Haplotype block is a chain of gene information (or a linkage
disequilibrium state), which is treated as one information unit.
Moreover, in the haplotype block, the kind of haplotype observed is
several kinds in almost all groups.
[0044] Hereby, as shown in FIG. 4, an apparent difference appears
between the case in which the virtual haplotype was taken in the
haplotype block and over the haplotypes. When the virtual haplotype
is taken in the haplotype block, the kind of haplotype in a group
is decreased, however, when the virtual haplotype is taken over the
haplotype blocks, the kind of haplotype in a group is increased.
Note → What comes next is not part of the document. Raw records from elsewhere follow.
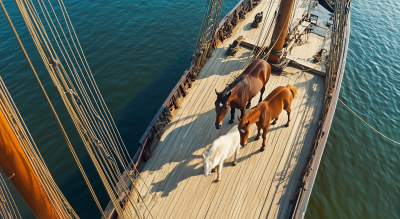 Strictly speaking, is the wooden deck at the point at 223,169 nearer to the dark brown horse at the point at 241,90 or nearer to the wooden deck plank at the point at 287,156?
the wooden deck plank at the point at 287,156

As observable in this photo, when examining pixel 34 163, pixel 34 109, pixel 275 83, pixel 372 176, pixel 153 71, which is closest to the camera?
pixel 34 163

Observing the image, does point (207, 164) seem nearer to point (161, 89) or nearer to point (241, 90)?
point (241, 90)

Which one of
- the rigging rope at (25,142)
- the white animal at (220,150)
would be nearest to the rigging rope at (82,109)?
the rigging rope at (25,142)

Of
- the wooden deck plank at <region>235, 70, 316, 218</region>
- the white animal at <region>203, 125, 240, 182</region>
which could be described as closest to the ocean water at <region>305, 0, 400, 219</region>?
the wooden deck plank at <region>235, 70, 316, 218</region>

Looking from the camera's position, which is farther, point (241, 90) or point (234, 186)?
point (241, 90)

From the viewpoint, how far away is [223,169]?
828cm

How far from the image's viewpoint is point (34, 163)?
3.82 metres

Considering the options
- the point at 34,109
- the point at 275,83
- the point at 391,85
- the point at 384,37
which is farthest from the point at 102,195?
the point at 384,37

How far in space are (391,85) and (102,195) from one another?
19.9 m

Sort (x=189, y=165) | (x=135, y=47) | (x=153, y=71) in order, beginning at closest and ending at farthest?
(x=189, y=165), (x=153, y=71), (x=135, y=47)

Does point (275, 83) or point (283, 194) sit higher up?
point (275, 83)

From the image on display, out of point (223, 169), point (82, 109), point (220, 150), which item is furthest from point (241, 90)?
point (82, 109)

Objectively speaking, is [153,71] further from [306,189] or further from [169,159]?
[306,189]

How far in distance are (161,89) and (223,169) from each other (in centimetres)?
790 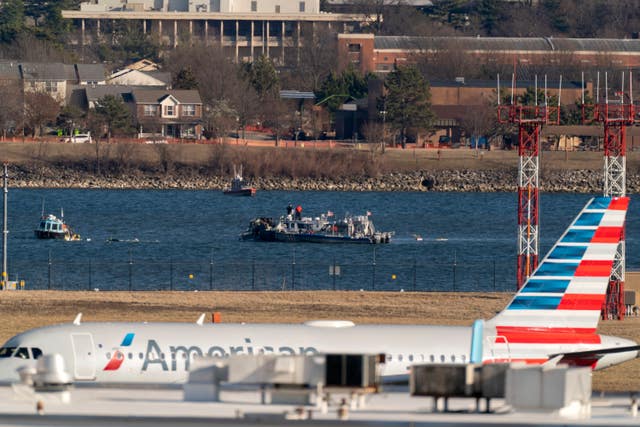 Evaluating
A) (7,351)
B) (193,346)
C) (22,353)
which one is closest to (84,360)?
(22,353)

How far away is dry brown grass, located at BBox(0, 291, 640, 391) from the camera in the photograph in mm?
63781

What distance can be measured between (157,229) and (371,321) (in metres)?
81.5

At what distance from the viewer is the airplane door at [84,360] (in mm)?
38875

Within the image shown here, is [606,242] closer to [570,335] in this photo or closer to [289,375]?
[570,335]

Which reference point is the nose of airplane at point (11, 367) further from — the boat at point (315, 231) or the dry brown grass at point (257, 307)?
the boat at point (315, 231)

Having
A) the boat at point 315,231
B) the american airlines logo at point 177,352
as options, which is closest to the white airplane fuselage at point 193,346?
the american airlines logo at point 177,352

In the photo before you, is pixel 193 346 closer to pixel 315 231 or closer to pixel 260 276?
pixel 260 276

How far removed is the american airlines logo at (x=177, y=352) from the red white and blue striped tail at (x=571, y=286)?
5556mm

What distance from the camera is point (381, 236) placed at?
13162cm

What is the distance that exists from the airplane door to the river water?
157 feet

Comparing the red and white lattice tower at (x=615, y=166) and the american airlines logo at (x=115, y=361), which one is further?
the red and white lattice tower at (x=615, y=166)

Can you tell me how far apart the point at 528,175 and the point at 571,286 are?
2976 cm

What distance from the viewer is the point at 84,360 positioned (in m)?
38.9

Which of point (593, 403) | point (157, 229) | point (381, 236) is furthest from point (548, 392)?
point (157, 229) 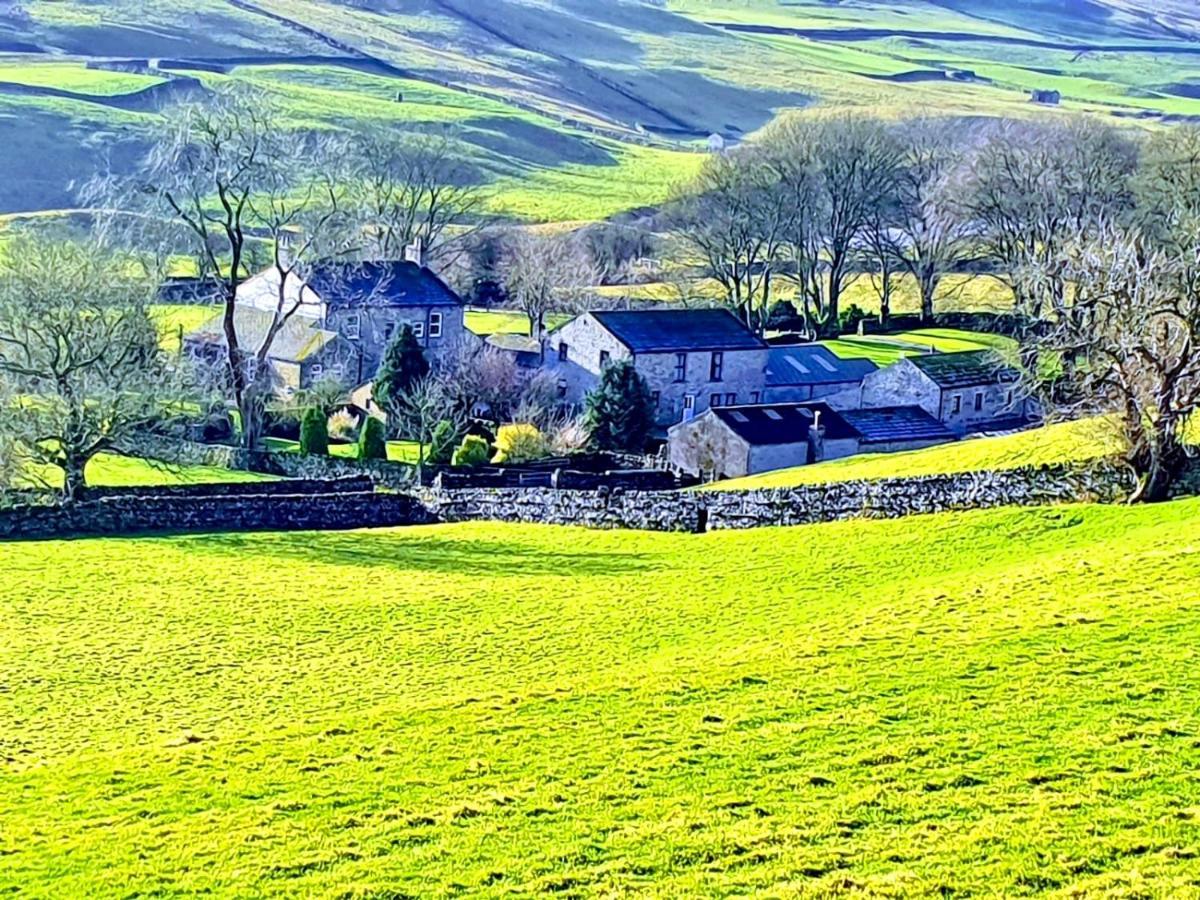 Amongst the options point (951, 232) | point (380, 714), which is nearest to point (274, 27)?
point (951, 232)

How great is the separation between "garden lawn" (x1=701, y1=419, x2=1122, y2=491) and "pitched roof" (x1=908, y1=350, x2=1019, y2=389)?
1786 centimetres

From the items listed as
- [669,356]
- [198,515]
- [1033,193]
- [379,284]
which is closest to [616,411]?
[669,356]

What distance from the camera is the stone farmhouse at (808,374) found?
75375mm

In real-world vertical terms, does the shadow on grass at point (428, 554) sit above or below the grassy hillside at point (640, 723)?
below

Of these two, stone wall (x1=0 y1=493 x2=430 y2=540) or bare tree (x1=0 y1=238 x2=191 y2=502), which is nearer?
stone wall (x1=0 y1=493 x2=430 y2=540)

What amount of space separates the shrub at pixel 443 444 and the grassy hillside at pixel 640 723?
81.3 feet

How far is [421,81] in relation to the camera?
17888 cm

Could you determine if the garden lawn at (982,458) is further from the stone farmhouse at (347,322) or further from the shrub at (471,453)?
the stone farmhouse at (347,322)

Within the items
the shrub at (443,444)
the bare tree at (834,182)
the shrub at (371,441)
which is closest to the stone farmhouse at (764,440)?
the shrub at (443,444)

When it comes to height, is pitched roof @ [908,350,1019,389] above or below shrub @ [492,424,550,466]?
above

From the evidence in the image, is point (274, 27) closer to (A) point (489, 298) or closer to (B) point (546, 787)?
(A) point (489, 298)

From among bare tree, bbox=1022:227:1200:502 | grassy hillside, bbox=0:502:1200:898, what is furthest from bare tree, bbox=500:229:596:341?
grassy hillside, bbox=0:502:1200:898

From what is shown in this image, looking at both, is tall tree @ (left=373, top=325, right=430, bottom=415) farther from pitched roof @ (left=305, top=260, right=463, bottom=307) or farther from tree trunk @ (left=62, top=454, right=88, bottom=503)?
tree trunk @ (left=62, top=454, right=88, bottom=503)

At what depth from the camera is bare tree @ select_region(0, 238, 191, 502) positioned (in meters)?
45.1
It
is clear when the phase of the haplotype is specified, it can be
clear that the kind number of haplotype which can be taken in a
group even when the phase is not specified, and even it can be also
clear, by using EM algorithm, MCMC method, or the like by
estimating the `maximum likelihood origin haplotype` of the group
when it is not appeared. It is beginning to demonstrate that the
`maximum likelihood origin haplotype` of the group estimated in the
haplotype block conforms well to the haplotype when the phase is
specified.
[0045] Since the kind of haplotype is limited in the haplotype
block, when the virtual haplotype is taken in the haplotype block,
the entropy of the haplotype calculated in a group becomes small
(orderly), however, when the virtual haplotype is taken over the
haplotype block, the entropy of the haplotype in a group becomes
high (disorderly).
[0046] Besides this, since in the haplotype block since there is a
linkage disequilibrium, when the various degrees of the linkage
disequilibrium are used, the virtual haplotype in the haplotype
block becomes the large degree of the linkage disequilibrium and
the virtual haplotype over the haplotype block becomes the small
degree of the linkage disequilibrium. Thus, it can be selected the
haplotype block from the search domain and the genome domain which
is considered to concentrate the information such as the haplotype
block. When the haplotype block is not clearly determined, it can
also be searched and determined by using the present analysis flow
with detailed examination on the position which is likely to have
the haplotype block.
[0047] (g) Stage 6 is, as shown in FIG. 6, the process calculating
the haplotype frequency in haplotype block. It is common that gene
polymorphism information is obtained as shown in FIG. 11. This
information shows that ID01 or the like indicates the sample number
and Locl or the like indicates the position of the genome locus.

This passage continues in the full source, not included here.